Hayat, ince bir tül gibidir; nefes alıp verdikçe görürsünüz, ama elinizi uzattığınızda kaybolur. Gassal olmak, işte bu tülün ardındaki gerçeği bilmek demektir. Biz, bedenleri yıkarız; anıları değil... Ruhlar uçup giderken, geriye kalan bir emaneti taşırız.
Her gün yeni bir bedenle karşılaşırız. Kimi bir çocuğun gülüşünü taşır yüzünde, kimi yaşlı bir çiftin yıllanmış sevgisini. Ama her birinin ortak noktası, son bir defa yıkanıp arınmaya duyduğu ihtiyaçtır. Elleriniz bedenlere dokunurken, yüreğiniz acılara dokunur. Çünkü ölümün sessizliği, yaşamın fırtınalarını fısıldar.
Bir annenin titreyen elleriyle uğurladığı evlat...
Bir babanın, "Daha yeni başlamıştı hayatına" diye hıçkırdığı oğlu...
Bir eşin, yıllarını verdiği sevdiğini toprağa bırakmadan önceki son vedası...
Her biri gözlerinizin önünde durur.

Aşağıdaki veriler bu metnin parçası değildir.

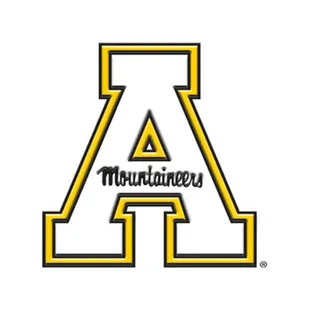 Fan Mats Appalachian State Mountaineers 3D Color Metal Emblem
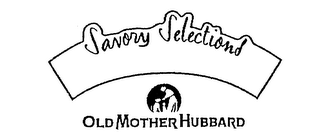 SAVORY SELECTIONS OLD MOTHER HUBBARD logo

Ve her biri, sizden bir parça götürür.
Gassal olmak, sabır ve sükûnet ister. Ölümle dost olmak değil; onun gerçeğini anlamaktır. Dualarınızda, yalnızca ölenler değil; geride kalanların kırık kalpleri de vardır. Elleriniz suyla dolarken, gözleriniz yaşlarla dolar. Ama siz ağlayamazsınız, çünkü sizin göreviniz, onların yükünü hafifletmektir.
Her yıkadığınız bedende kendinizi görürsünüz. "Bir gün ben de buraya geleceğim," dersiniz. "Bir gün benim de bu dünyadaki izim silinecek." İşte o an, yaşamın ne kadar kısa, ama ne kadar değerli olduğunu anlarsınız.
Ve son dua okunurken, arkanızı dönüp sessizce odadan çıkarsınız. Çünkü artık o, size değil, sonsuzluğa emanettir.